═══ Material for this exercise ═══

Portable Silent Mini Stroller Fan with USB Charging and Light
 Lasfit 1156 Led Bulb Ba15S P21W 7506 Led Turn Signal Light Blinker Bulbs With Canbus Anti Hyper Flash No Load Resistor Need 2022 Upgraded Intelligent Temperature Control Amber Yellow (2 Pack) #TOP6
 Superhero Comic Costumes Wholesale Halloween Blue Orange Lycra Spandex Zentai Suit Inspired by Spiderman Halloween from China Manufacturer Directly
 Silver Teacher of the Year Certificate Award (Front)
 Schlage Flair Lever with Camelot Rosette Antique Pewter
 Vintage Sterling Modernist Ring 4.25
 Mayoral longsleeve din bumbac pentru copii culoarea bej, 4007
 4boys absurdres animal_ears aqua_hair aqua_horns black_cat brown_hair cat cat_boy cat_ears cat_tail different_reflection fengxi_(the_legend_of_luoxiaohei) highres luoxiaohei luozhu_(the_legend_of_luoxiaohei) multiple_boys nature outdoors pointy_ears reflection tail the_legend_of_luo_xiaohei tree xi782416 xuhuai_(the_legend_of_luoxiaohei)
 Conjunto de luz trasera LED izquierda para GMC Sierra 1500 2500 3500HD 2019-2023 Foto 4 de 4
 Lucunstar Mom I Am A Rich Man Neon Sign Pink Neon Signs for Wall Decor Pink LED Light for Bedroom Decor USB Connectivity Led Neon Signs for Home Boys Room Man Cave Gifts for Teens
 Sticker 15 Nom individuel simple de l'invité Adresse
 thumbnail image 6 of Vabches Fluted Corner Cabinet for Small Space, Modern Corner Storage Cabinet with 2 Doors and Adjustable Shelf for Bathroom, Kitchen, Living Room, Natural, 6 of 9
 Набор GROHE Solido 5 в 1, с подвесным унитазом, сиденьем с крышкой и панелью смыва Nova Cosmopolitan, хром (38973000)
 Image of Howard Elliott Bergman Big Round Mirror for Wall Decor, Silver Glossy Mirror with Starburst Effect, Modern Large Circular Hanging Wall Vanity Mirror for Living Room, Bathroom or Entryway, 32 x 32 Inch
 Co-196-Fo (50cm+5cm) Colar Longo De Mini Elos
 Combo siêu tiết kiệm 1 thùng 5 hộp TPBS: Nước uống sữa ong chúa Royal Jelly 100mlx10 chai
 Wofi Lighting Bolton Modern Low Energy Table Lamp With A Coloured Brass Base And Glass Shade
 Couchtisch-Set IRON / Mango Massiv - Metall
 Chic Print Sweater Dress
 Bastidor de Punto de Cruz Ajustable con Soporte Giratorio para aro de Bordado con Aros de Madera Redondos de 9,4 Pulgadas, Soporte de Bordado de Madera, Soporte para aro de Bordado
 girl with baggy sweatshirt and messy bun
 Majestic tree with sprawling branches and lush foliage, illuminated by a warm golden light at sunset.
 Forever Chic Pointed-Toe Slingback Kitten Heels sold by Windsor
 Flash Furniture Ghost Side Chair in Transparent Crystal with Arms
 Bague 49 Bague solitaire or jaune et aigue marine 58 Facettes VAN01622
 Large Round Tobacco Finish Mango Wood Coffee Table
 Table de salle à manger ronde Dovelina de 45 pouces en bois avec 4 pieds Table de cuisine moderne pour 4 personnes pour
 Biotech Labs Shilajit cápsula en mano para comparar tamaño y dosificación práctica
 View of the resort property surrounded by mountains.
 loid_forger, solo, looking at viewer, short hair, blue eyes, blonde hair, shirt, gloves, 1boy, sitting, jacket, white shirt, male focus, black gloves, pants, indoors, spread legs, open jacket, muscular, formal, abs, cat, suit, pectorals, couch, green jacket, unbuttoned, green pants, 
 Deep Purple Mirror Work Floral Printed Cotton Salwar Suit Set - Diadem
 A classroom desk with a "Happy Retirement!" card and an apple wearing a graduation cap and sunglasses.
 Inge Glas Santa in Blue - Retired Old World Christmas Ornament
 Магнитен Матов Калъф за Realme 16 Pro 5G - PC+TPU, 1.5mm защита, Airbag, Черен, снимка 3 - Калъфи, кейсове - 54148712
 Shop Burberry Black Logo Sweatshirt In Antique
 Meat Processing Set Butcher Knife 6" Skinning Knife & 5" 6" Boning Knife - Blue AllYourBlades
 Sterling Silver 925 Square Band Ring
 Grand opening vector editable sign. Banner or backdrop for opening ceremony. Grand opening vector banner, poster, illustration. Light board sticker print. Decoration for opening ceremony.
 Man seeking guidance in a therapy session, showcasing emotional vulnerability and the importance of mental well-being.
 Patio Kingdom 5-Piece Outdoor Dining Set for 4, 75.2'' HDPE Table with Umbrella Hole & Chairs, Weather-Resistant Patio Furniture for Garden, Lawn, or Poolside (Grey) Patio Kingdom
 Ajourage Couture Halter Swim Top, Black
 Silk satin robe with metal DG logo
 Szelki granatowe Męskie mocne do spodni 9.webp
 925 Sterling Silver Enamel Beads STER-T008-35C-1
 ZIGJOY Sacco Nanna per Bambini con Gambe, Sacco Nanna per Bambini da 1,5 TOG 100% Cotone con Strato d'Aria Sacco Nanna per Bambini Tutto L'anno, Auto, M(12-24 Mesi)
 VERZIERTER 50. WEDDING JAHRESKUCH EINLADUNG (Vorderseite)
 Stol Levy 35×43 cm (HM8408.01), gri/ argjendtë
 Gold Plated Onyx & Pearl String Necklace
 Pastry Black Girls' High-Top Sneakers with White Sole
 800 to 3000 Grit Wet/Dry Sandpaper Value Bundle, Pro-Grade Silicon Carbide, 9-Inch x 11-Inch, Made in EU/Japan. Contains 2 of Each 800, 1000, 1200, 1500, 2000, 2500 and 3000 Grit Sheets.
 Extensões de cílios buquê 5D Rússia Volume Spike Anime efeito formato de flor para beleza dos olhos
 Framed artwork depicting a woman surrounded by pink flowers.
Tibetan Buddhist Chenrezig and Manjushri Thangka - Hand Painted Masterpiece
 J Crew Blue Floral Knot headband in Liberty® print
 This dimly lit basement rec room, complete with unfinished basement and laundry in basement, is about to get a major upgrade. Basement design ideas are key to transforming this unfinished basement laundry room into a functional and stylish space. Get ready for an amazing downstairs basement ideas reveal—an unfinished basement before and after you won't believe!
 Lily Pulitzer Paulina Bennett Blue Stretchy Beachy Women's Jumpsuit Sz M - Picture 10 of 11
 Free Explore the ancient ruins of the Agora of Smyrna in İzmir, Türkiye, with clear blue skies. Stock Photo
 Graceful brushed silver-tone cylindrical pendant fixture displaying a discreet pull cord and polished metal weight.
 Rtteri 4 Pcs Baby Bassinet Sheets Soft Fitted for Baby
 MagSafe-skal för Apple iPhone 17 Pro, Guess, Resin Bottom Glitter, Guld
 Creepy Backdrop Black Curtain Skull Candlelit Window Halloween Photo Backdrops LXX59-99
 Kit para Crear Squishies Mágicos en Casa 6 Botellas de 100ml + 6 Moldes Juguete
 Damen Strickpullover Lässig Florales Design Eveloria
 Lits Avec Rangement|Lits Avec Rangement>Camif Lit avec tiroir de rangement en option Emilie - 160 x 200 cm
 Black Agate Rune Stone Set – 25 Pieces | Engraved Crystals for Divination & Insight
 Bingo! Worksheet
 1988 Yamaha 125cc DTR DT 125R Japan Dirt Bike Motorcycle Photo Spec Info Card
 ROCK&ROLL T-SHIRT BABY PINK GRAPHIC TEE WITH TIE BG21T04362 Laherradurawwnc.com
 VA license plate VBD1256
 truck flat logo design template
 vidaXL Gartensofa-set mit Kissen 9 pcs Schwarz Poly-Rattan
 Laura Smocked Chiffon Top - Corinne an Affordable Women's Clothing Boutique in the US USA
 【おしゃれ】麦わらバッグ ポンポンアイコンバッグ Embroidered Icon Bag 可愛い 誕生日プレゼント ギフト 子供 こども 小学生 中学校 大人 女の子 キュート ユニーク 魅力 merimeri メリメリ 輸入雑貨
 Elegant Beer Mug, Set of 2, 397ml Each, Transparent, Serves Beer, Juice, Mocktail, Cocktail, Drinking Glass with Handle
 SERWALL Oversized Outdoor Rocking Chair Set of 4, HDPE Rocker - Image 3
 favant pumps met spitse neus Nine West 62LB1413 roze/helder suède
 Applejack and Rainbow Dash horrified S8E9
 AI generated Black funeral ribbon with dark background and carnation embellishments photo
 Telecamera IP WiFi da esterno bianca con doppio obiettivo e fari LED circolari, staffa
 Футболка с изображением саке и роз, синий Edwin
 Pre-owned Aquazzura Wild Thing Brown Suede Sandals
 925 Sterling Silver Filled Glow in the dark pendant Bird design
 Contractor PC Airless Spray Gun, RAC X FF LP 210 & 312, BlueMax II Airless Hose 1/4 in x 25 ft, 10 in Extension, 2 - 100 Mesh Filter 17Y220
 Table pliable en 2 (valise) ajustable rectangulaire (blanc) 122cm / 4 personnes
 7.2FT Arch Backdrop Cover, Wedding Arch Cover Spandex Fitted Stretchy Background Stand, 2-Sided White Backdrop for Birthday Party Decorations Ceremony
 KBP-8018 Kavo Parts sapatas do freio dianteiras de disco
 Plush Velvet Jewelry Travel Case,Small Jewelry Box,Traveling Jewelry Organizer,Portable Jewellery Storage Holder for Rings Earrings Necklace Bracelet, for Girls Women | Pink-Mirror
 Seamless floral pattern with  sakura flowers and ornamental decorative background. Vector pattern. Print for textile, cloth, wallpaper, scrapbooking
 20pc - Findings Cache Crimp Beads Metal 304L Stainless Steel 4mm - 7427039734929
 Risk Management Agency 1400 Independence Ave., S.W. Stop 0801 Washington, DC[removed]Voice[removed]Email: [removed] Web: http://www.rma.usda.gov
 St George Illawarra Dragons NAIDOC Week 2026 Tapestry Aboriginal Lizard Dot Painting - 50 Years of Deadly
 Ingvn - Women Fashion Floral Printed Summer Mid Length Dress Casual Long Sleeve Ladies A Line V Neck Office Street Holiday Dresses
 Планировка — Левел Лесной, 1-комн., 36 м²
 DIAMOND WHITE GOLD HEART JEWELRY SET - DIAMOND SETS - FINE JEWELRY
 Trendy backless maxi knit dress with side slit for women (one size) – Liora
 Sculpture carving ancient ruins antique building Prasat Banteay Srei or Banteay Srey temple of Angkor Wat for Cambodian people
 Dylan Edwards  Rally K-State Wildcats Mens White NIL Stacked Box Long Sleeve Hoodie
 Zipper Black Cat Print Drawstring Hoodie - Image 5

═══

Problem details: Only the lines containing the word "Bathroom" should be returned from the data above.

Task solution:
 thumbnail image 6 of Vabches Fluted Corner Cabinet for Small Space, Modern Corner Storage Cabinet with 2 Doors and Adjustable Shelf for Bathroom, Kitchen, Living Room, Natural, 6 of 9
 Image of Howard Elliott Bergman Big Round Mirror for Wall Decor, Silver Glossy Mirror with Starburst Effect, Modern Large Circular Hanging Wall Vanity Mirror for Living Room, Bathroom or Entryway, 32 x 32 Inch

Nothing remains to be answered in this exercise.